By Matthew Reisz
TIMES HIGHER EDUCATION - 1 May 2014
A leading Argentine political theorist and advocate of “radical democracy”, long based at the University of Essex, has died
Ernesto Laclau was born on 6 October 1935 and studied history at the
University of Buenos Aires, graduating in 1964. His initial political
experiences, he once told an interviewer, were “in the student movements
and in the political struggles of the 1960s in Argentina. At that
moment, these were the years immediately after the Cuban Revolution,
when there was a radicalisation of the student movement all over Latin
America, and I was very active in it. I was a student representative to
the Central Council of the University of Buenos Aires [and later] part
of the leadership of the Socialist Party of the National Left, which was
very active in Argentina in the 1960s.”
Witnessing the impact of
the Perónist movement in Argentina led Professor Laclau to a fascination
with populism.

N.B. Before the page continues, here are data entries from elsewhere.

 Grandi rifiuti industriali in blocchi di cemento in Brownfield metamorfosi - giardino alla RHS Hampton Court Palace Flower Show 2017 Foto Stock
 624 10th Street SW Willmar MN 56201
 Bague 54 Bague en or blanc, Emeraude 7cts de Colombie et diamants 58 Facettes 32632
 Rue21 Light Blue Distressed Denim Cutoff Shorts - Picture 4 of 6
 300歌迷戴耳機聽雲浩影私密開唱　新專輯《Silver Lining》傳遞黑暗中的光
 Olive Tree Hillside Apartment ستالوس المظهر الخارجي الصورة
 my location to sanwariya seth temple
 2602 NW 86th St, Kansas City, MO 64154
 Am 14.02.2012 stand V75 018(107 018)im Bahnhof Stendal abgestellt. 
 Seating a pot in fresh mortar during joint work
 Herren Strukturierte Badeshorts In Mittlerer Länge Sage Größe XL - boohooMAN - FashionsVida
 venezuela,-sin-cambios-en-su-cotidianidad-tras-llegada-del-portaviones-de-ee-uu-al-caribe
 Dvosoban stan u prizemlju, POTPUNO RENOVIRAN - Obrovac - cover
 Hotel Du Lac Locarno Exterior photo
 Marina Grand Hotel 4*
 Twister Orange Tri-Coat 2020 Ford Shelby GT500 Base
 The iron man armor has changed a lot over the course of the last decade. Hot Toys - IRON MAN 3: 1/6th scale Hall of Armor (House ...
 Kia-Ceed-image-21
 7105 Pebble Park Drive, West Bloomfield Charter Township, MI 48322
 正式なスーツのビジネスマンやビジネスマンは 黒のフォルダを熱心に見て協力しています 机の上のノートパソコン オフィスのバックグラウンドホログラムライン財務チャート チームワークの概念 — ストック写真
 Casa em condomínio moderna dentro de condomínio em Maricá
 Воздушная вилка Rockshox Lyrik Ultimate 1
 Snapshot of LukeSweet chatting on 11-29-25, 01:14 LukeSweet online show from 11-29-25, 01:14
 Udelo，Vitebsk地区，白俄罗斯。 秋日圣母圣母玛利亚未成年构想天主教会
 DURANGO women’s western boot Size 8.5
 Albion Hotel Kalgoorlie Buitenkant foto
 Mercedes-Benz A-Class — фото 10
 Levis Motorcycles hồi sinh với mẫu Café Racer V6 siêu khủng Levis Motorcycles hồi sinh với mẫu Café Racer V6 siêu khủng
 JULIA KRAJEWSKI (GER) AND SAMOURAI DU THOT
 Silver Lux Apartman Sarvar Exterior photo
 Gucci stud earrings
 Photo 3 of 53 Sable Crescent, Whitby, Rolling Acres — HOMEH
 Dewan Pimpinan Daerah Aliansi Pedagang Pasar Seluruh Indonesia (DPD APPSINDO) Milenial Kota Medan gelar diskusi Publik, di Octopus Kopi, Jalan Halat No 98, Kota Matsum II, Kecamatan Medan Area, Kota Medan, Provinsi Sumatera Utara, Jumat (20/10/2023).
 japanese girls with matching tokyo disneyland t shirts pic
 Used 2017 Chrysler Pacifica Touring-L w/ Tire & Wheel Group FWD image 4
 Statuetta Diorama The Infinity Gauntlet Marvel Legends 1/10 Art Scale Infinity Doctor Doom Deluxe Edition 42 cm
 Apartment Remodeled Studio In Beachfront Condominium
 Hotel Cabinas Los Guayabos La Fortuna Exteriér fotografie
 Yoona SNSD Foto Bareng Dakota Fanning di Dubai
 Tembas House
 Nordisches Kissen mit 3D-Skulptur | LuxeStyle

He wrote a celebrated essay on the subject in the 1970s
and then a full-length book, On Populist Reason (2005), looking
at the rise of leftist politicians such as Hugo Chávez across much of
Latin America. Both the current president of Argentina, Cristina
Fernández de Kirchner, and her late husband and predecessor Néstor
Kirchner, are said to have been great admirers of his work.